It brushes shellac very evenly with practically no bubbles, cleaning it with household Ammonia after use is easy although I could just leave it in the shellac jar but I like the brush thoroughly cleaned after each use.


----------



## RobinDobbie (Aug 25, 2013)

If I ever do get more bristle brushes, they will be of a good quality. Tried the $1-ish ones from HD and the bristles came off into the work immediately. I'll keep hog bristle brushes in mind if I do a huge shellac project.


----------



## johnstoneb (Jun 14, 2012)

The quality of the finish is in direct proportion to the quality of the brush used to apply it.


----------



## firefighterontheside (Apr 26, 2013)

I have had no problem using these with shellac. It's oil based poly that has unglued them, which there is not a warning for. Save the handles. Never know when you'll need a small length of 1/2" dowel.


----------



## BurlyBob (Mar 13, 2012)

Agree with a lot of these comments. Get the best you can and you'll be happier in the long run. Also when you get ready to thro the foam brush away, rip the foam off and use that plastic tab end as a glue spreader. Works like a champ.


----------



## RobinDobbie (Aug 25, 2013)

Yeah, I save the dowels, but the ones I've collected so far aren't standard sizes, and they're not even round! I haven't measured these new handles, yet. I'll save them anyway, might be useful to make toys or whatever.

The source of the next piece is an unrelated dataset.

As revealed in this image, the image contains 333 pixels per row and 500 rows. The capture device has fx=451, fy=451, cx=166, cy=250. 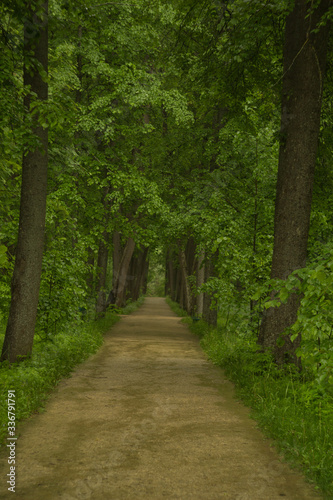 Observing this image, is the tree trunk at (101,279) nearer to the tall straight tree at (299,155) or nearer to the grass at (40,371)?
the grass at (40,371)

Never thought about using the plastic pieces as glue spreaders. I bought a couple of cheap silicone baster brushes for that purpose, but I still use my finger way more than I should. And I have about 3 of the little 1" foam brushes I use for glue, as well. They're quite reuseable, only problem is they pick up little wood fibers that are impossible to get out. So once a glue brush, always a glue brush.


----------



## PaulDoug (Sep 26, 2013)

The only thing I like the foam brushes for is to pull off the foam and use the plastic thing for a glue spreader. I'm a good brush fan.


----------



## bbasiaga (Dec 8, 2012)

I've gone over to mostly rags For applying finish. I tealize not every dinish can go on this way but i like it a lot better than brushes or foam pads when I can.

Brian


----------



## bobasaurus (Sep 6, 2009)

The polyurethane foam on those brushes will apparently dissolve in alcohol or lacquer thinner, but not mineral spirits. I use mine for oil finishes and they work great.


----------



## JeffP (Aug 4, 2014)

One thing that is becoming clear to me about woodworking is that there is an ever-present opportunity to snatch defeat from the jaws of victory. Until your project is sitting in somebody's living room being admired…there is always an opportunity to follow up hours and hours of perfection with some tiny mistake that will ruin your hard work.

What Distrbd said about using a "real" brush (in his case some fancy pig hair variety I never heard of) is really interesting and gave me pause.

So applying shellac or lacquer is about as close to the end of the project as you can get…and we spend thousands of dollars on equipment and many hours getting up to that point. Why take a chance on using anything but the best finishing products and the best applicator you can find?

Chances are that even the "Cadillac" of brushes pales in comparison to the price of many of the other things we happily shell out Benjamin's for along the way.









This was the most expensive brush I could find at Woodcraft.com (Badger hair brush anyone?)


----------



## waho6o9 (May 6, 2011)

distrbd is spot on.


----------



## pintodeluxe (Sep 12, 2010)

I wouldn't want to brush lacquer anyhow. Spraying is the only way to go. Actually I'm not a fan of brushing any finish. If I didn't spray, I think I would use wipe-on finishes. 
The best brush is still not as good as an average sprayer (and about the same price from some of the previous comments). 
Lots of ways to get the job done, just my own experience talking.


----------



## jeffswildwood (Dec 26, 2012)

I use them all the time for staining and polyurethane. I don't let the brush get really soaked as it will thicken. I only get one use out of them but I get the one inch brushes for .24 cents, wider a little more. I have a can full of the handles and use them as dowel screw hiders and through dowels. Some I peel the foam off and use the plastic insert as a glue spreader.


----------



## Dark_Lightning (Nov 20, 2009)

For one-shot use with shellac, you can't beat a foam brush. I've used them many times with my Cub Scouts (three sons over 15 years) on their wood working projects. They get built, then finished at the last meeting. The shellac is dried, so they can take their projects home without a bunch of stink that lasts for weeks.

They do tend to melt, especially with lacquer, but in this case they were tossed before they got to that point.

On a real project, I usually spray shellac, lacquer and poly. Though I did use a foam brush to apply some acrylic paint to the cart I made to transport my carving tool chest.


----------



## Redoak49 (Dec 15, 2012)

Like many other things, you can do the same thing many ways.

I have good brushes which I use for some projects. For ones that are not critical, such as jigs,shop cabinets, and such the foam brushes work great.

For good cabinets and some furniture, I use the foam brush for the first couple coats, give it a light sanding with 320 or 400, and the use wipe on poly.

I am certain that a spray setup would be better but have not decided to invest the time and money into it.

For a good brush, they need to be well cared for and cleaned appropriately. Cleaning brushes is one of my least favorite things.


----------